THE TAMING OF THE SHREW
Oxford Playhouse/touring
Opened 17 October, 1998

To get the central question out of the way first: yes, she realises and goes along with it. The first issue which any production must confront is whether Kate is to be truly subdued by Petruchio's stratagems, or whether she is to ally herself with him on a more equal footing. Kacey Ainsworth, in Stephen Unwin's lucid production for English Touring Theatre, treads the latter path.
This is a modern-dress, broad-accented production, to the extent that at certain moments during their more animated spats, Ainsworth and David Cardy sound less like Petruchio and Kate than Grant and Tiffany Butcher. It works, though. Andrew French's Grumio is a homeboy, Grant Gillespie's Biondello a rather fey Scouser, and Hortensio – having disguised himself as a music tutor to get closer to Kate's sister Bianca – strums not upon a lute but a Fender Stratocaster.
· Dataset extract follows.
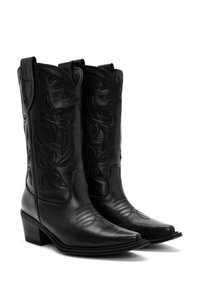 Botas de vaquero de cuero negro con diseño floral bordado, punta afilada, tacón bajo apilado y lengüetas para facilitar su uso.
Matters threaten at every moment to tip over into gratuitous gimmickry, but thankfully never do so. Olly Fox's score makes brilliant use of musical samples including Blur, Space, Iggy Pop and even The Spice Girls, but employs them for the mere hint of familiarity they bestow whilst reincorporating them into a brash, uplifting noise. When Petruchio turns up to his wedding dressed as a punk in torn leathers and bondage strides, it is not simply shocking and improper to the oldies but embarrassingly naff for Kate. Later, it is a mark of how starved she is that she is even glad to wolf down what she can get of a takeaway pizza.

By the time the couple journey back to her father's house, it is plain that although Petruchio is still working on her, Kate knows what's what and is cheerfully humouring him; her climactic speech to the two other newlywed wives on submission to their husbands, though, inhabits a strange no-man's-land, seeming both bluffly no-nonsense and at the same time substantially sincere. Although this rehabilitated Kate remains plausibly human and has plainly had none of her joie de vivre wrung out of her, what we see is the character of her transformation, not its core; it is as if we are shown the Before and After, but the pivotal moment happens offstage. Does she rumble Petruchio? Does he come clean to her? Does she simply come to respect him as a kindred spirit? Unwin's production does not run away from this central narrative problem, nor does he stumble at it – rather, he niftily sidesteps it whilst distracting our attention with some admirably fleet footwork.

Written for the Financial Times.

Copyright © Ian Shuttleworth; all rights reserved.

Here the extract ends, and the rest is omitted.